Charles Dickens, The Chimes, 1845.
Not all of us love our occupations, but in a very real sense they define who we are. In introductory conversation, “What do you do?” follows shortly after “How do you do?”
“Occupation” can be interpreted broadly to include status as well as vocation
Occupations for a given individual can change over time, or they may be seasonal. A man who worked in London as a pawnbroker’s assistant, later became a commercial clerk, a general salesman and a shopkeeper. It was typical of a Victorian husband and father to turn his hand to a series of different jobs to earn enough to support his family. To most of our ancestors, an occupation was something they learned in their early years and practiced until they dropped. Not for them the luxury of pursuing the path of ambition which was afforded to those in the law, the church or the military. You hewed stone or drew water because that was what was needed to keep the wolf from the door; indeed, you probably did both, since dual or multiple occupations have often been the norm in British society, as is evidenced by many a 17th century “shoemaker and alehouse keeper” or a 19th century “collier and grocer”.
Not all occupations followed by our ancestors were as straightforward as “silversmith” or “schoolmaster” both of which were terms used nationally with little variation. By contrast, a man whose job it was to finish cloth would usually be referred to as a “fuller” IN THE SOUTH EAST OF England, as a “tucker” in the southwest, and as a “walker” in the north.
Some trades and occupations came and went, as did the terms associated with them.
Learning the occupation of your ancestor helps you to understand more about what his life was like and you can get to know him or her better by knowing his vocation. Also, knowing the occupation may assist in correctly identifying your ancestor, especially if there are four John Mitchells in the city of Bradford and you cannot tell which one is which.

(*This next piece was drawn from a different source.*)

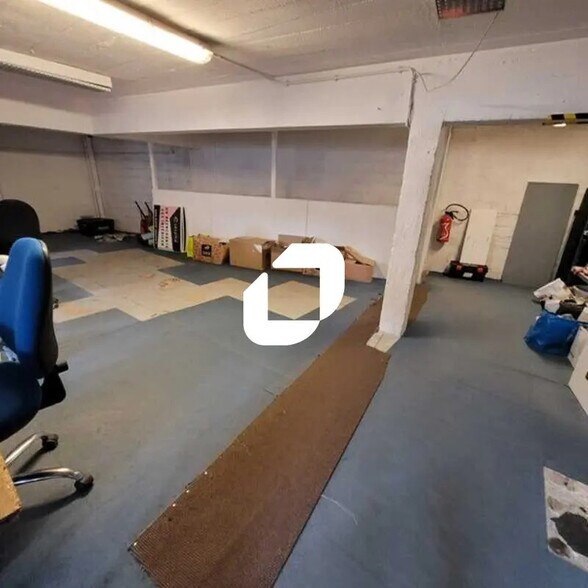 Local d’activités dans Boulogne-Billancourt à louer - Photo de l’immeuble – Image 2 sur 7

Studying records of schools, apprenticeship or other educational pursuits may help you identify your ancestor.
Oxford and Cambridge University have brief biographies on everyone who attended their schools from their beginnings (in the 1300’s? 1400’s?”) to the present day. They are published and completely alphabetical.
In 1710 a tax was placed on apprenticeship indentures which lasted for 100 years until 1810. The resulting records list the name of the apprentice, his father or guardian’s name apprenticeship indentures Society of Genealogists 1641-1888. This tax did not apply to parish or public charities. Apprentices funded by public charities or the parish poor law are not included in these indexes
The occupation of the head of the household determined the life style of the family, dictating how and where they lived. Frequently it affected the next generations as sons followed their father’s occupations or carried on the family business, while marriage often strengthened ties between families already connected by trade or occupation.

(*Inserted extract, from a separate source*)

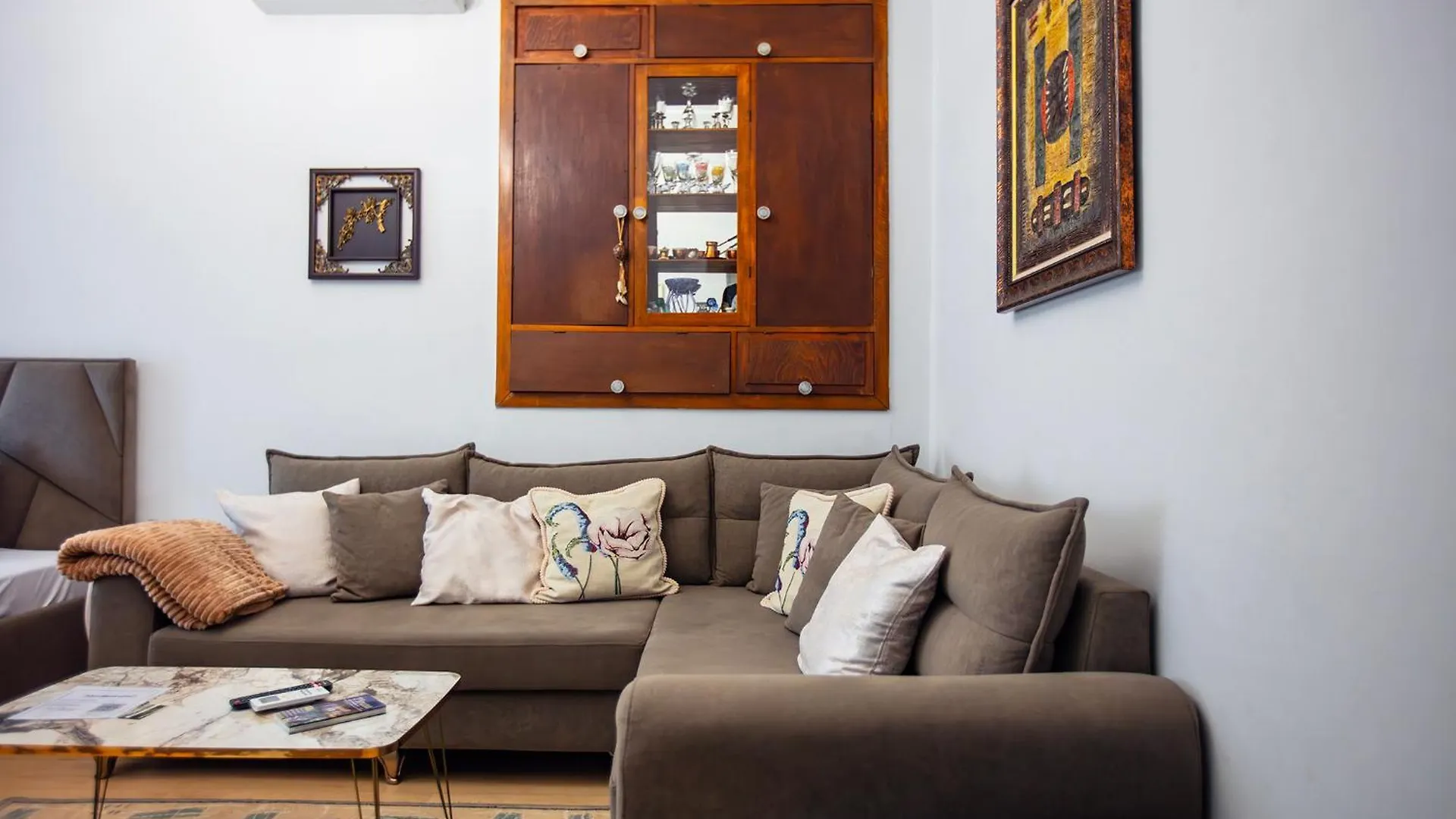 Tirana Center Apartment - Zogu I Boulevard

There are several thousand occupations included in the census returns of Britain. A specific occupation can by known by several different names, and definitions of occupations are varied as well. For example, farmer, husbandman, agricultural labourer, yeoman, gardener, etc. An engineer can be either railway or factory – 1881 census had to distinguish between the two. Servant had to be identified as domestic or indoor. Parish records, poll books, wills, trade directories, birth, marriage and death certificates can provide occupations, along with census returns. Many occupations have been overtaken by machinery and technology and no longer exist, some like that of barker or chaucer or baker or carpenter are remembered in our surnames.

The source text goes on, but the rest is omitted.